• **Work instructions**:
A full, word-for-word copy of the listing below is needed; leave the images out of it.

• **Materials provided**:
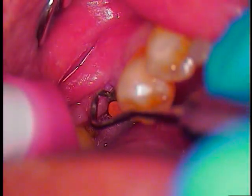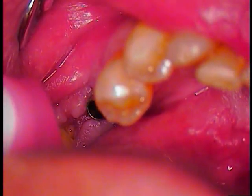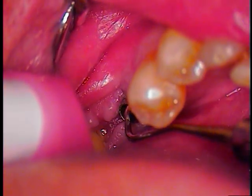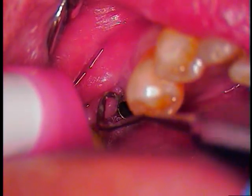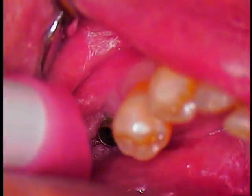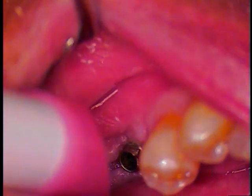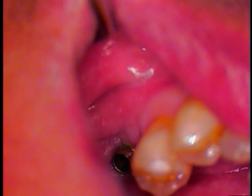We'll just pull that out gently and remove it. There's the inside of the internal aspect. Let's just see if this decides to walk out on its own. Let me have a micro suction tip.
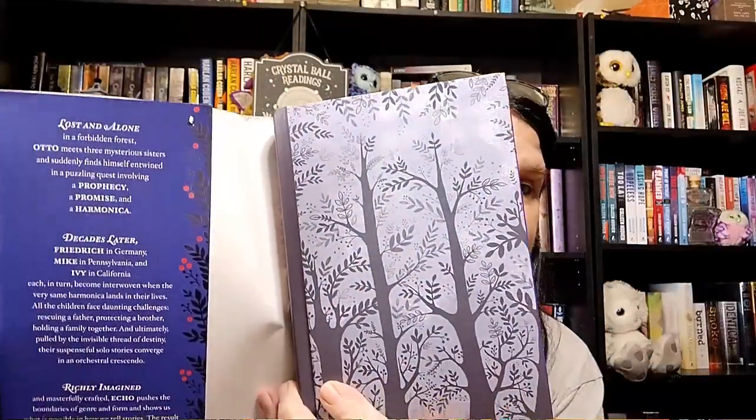The next one we got here is called Echo. I believe this is a YA or middle grade — this is by Pam Munoz Ryan. I was really impressed with the cover of this; I thought it was beautiful. And I'm actually considering reading this one. I just finished a middle grade book — it was Jack Blank and the Imagination, which ended up being a very, very good story. This one has to do with magic and prophecy and a harmonica, so that one should be really good.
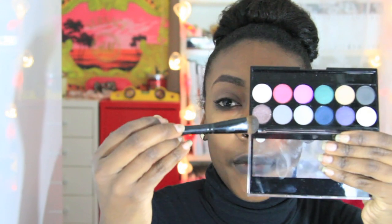Then I'm going to use my large shader brush — I think I got this from Crown Brush at Last Eye Marks — and I'm going to be using my MUA palette in Glamour Night. I'm going to be taking this dark brown here, it's like a minky brown with a silver fleck, and I'm just going to place that all over the lid.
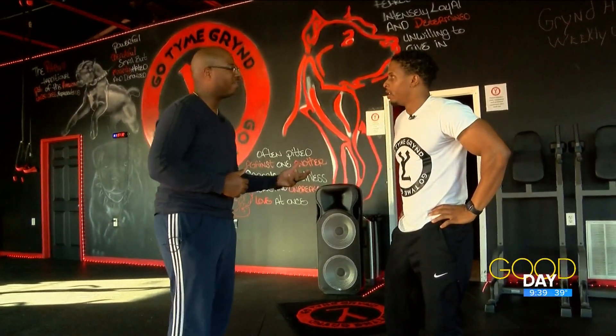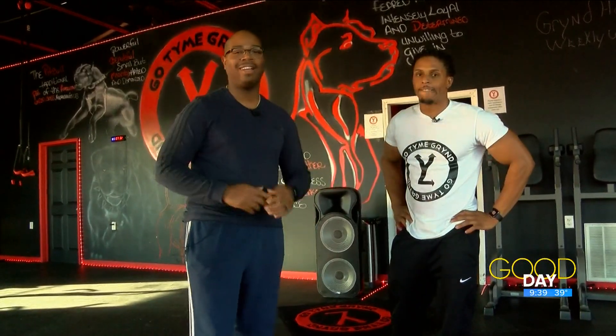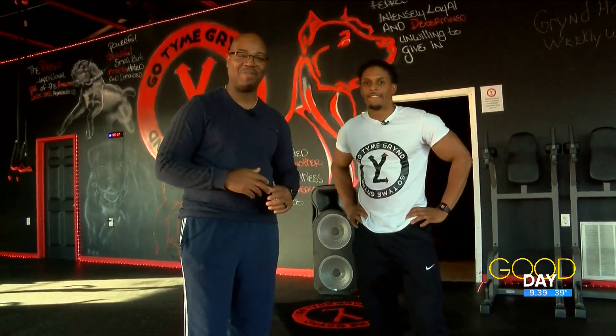This workout fits everyone, and it's always nice when you can modify it. DeAndre, thanks so much — hopefully everyone can try this at home. It's a good day on WTOL 11.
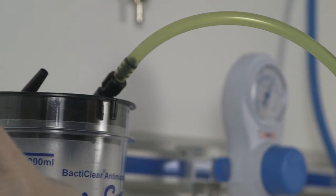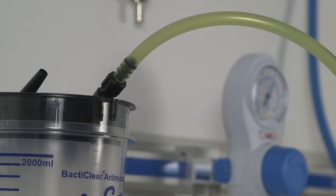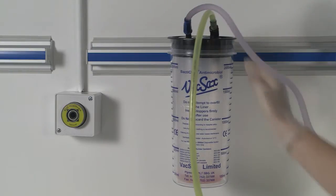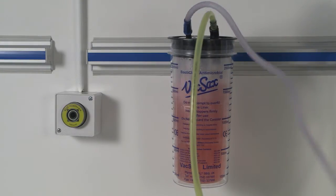Place your finger over the patient port located on the lid of the liner, ensuring a vacuum is present. Connect the patient tubing to the patient port located on the lid of the liner. The unit is now ready for use.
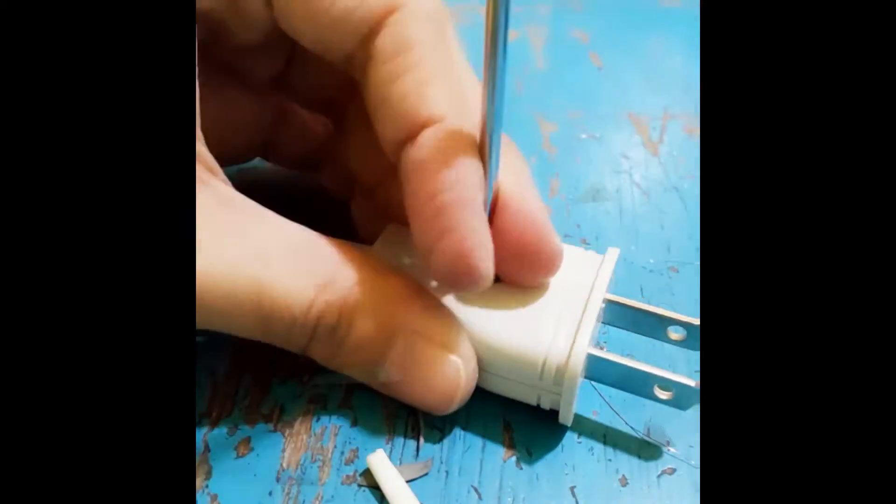Okay, I'm finished and I'm going to plug it in. Yay! It works.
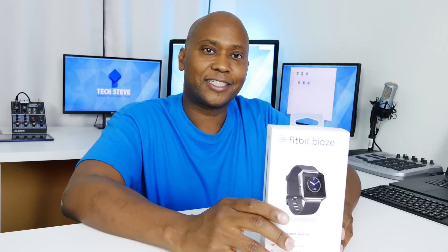Hey, what's up guys? This is Steven from techstevehd.com, making technology easier. In this video we're going to do an unboxing and setup on a Fitbit Blaze. Previously I did a video on a Fitbit Charge HR with the heart rate monitor and a lot of people really liked that video. So now I have a newer model and I just wanted to show you how good it is. Sit back and relax and let's get started.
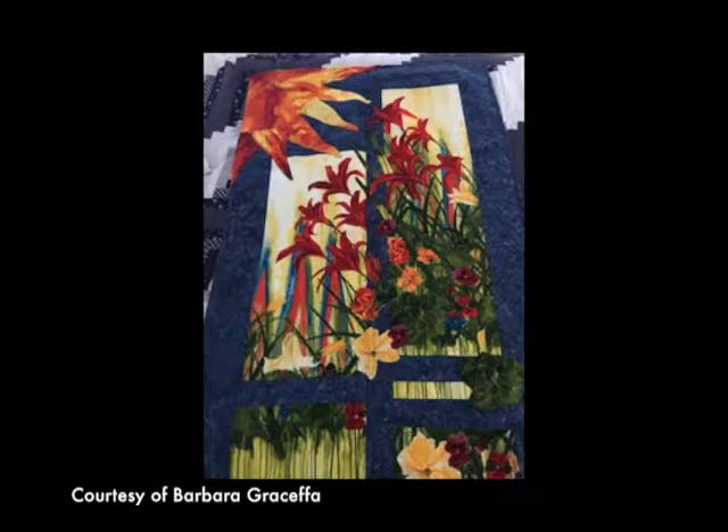Another quilt on display is called Love Those Lilies. It is what we call a fractured quilt. I chose a couple pieces of fabric that they call cheater cloth — it's a printed fabric with lilies on it. I bought three of the panels that are exactly the same, cut them up, and then cut out some of the lilies and appliqued them on this quilt. I added a nice big boutique orange and yellow appliqued sun in the upper left-hand corner, so it looks like the sun is flowing over my favorite flowers.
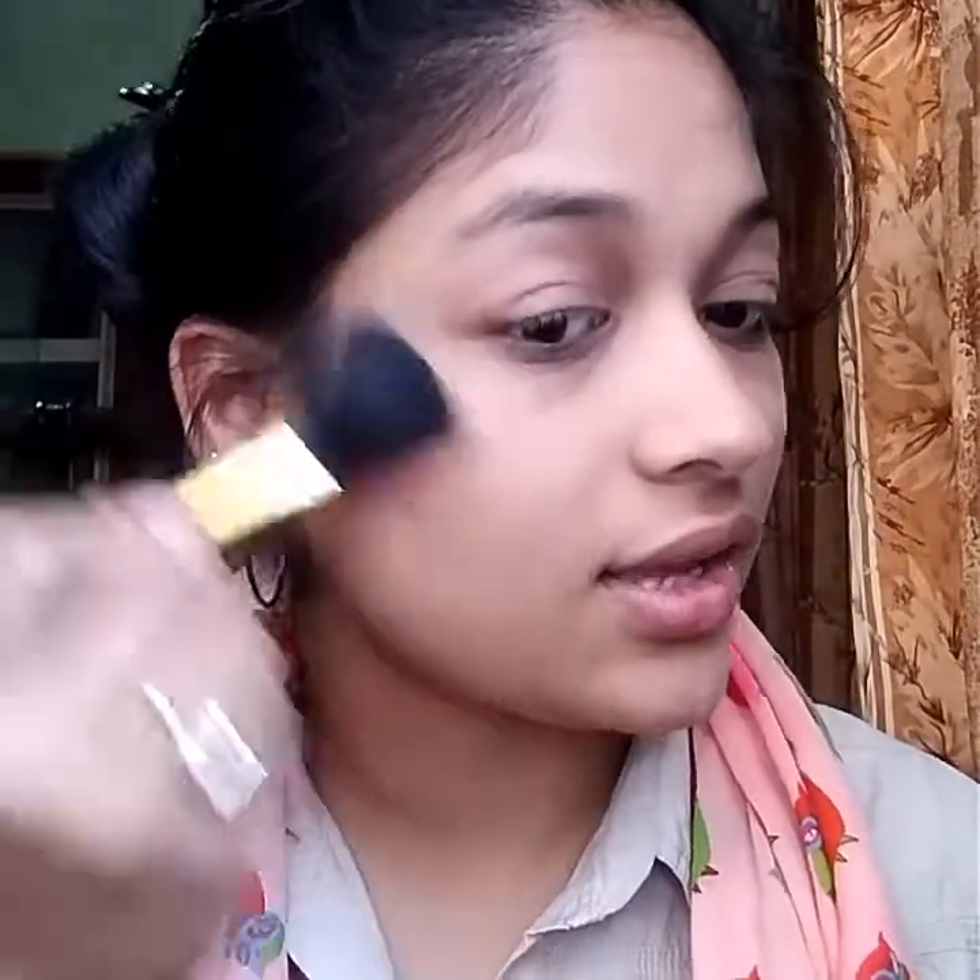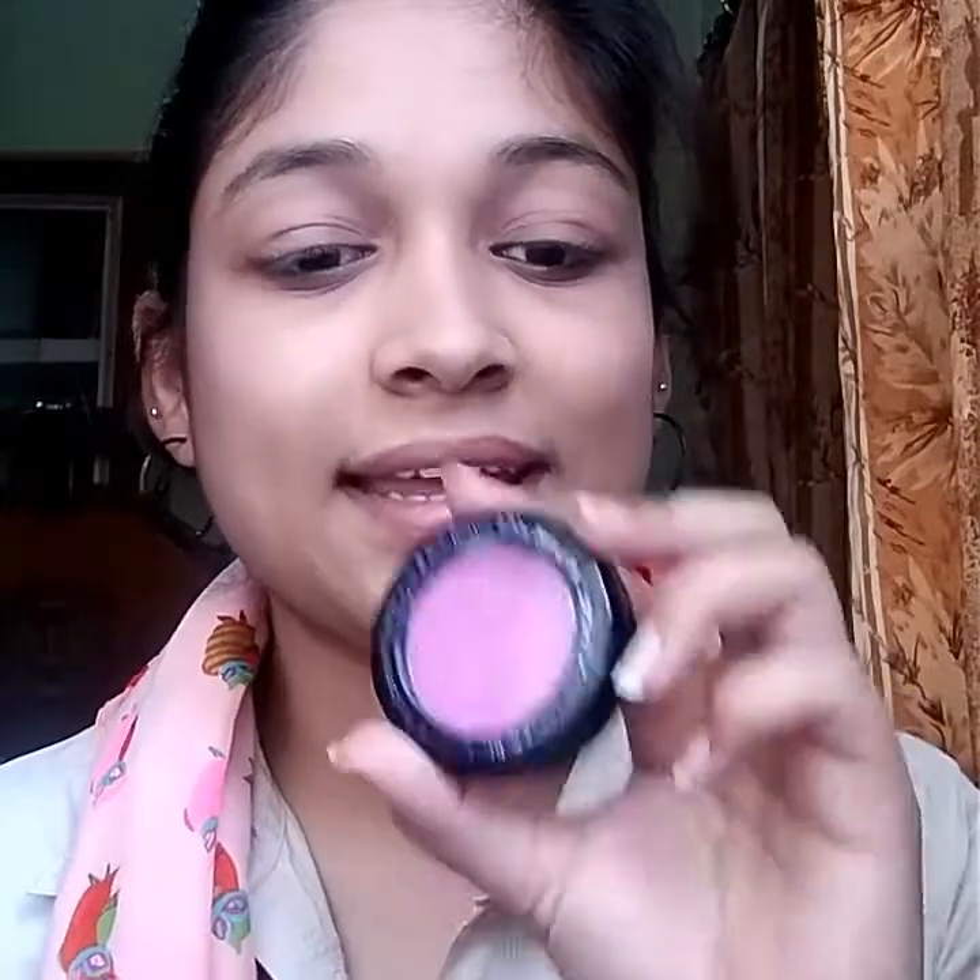Now my face base is complete. It's time for blush — I have my all-time favorite blush, shade 504. I'll apply it with a brush in a circular motion to give my face a little definition. If you like a light blush, you can use a little amount. I'm taking a light blush — it's very good and perfect for day makeup, giving a light pink effect.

• **Reply**:
We'll just pull that out gently and remove it. There's the inside of the internal aspect. Let's just see if this decides to walk out on its own. Let me have a micro suction tip.
The next one we got here is called Echo. I believe this is a YA or middle grade — this is by Pam Munoz Ryan. I was really impressed with the cover of this; I thought it was beautiful. And I'm actually considering reading this one. I just finished a middle grade book — it was Jack Blank and the Imagination, which ended up being a very, very good story. This one has to do with magic and prophecy and a harmonica, so that one should be really good.
Then I'm going to use my large shader brush — I think I got this from Crown Brush at Last Eye Marks — and I'm going to be using my MUA palette in Glamour Night. I'm going to be taking this dark brown here, it's like a minky brown with a silver fleck, and I'm just going to place that all over the lid.
This workout fits everyone, and it's always nice when you can modify it. DeAndre, thanks so much — hopefully everyone can try this at home. It's a good day on WTOL 11.
Place your finger over the patient port located on the lid of the liner, ensuring a vacuum is present. Connect the patient tubing to the patient port located on the lid of the liner. The unit is now ready for use.
Okay, I'm finished and I'm going to plug it in. Yay! It works.
Hey, what's up guys? This is Steven from techstevehd.com, making technology easier. In this video we're going to do an unboxing and setup on a Fitbit Blaze. Previously I did a video on a Fitbit Charge HR with the heart rate monitor and a lot of people really liked that video. So now I have a newer model and I just wanted to show you how good it is. Sit back and relax and let's get started.
Another quilt on display is called Love Those Lilies. It is what we call a fractured quilt. I chose a couple pieces of fabric that they call cheater cloth — it's a printed fabric with lilies on it. I bought three of the panels that are exactly the same, cut them up, and then cut out some of the lilies and appliqued them on this quilt. I added a nice big boutique orange and yellow appliqued sun in the upper left-hand corner, so it looks like the sun is flowing over my favorite flowers.
Now my face base is complete. It's time for blush — I have my all-time favorite blush, shade 504. I'll apply it with a brush in a circular motion to give my face a little definition. If you like a light blush, you can use a little amount. I'm taking a light blush — it's very good and perfect for day makeup, giving a light pink effect.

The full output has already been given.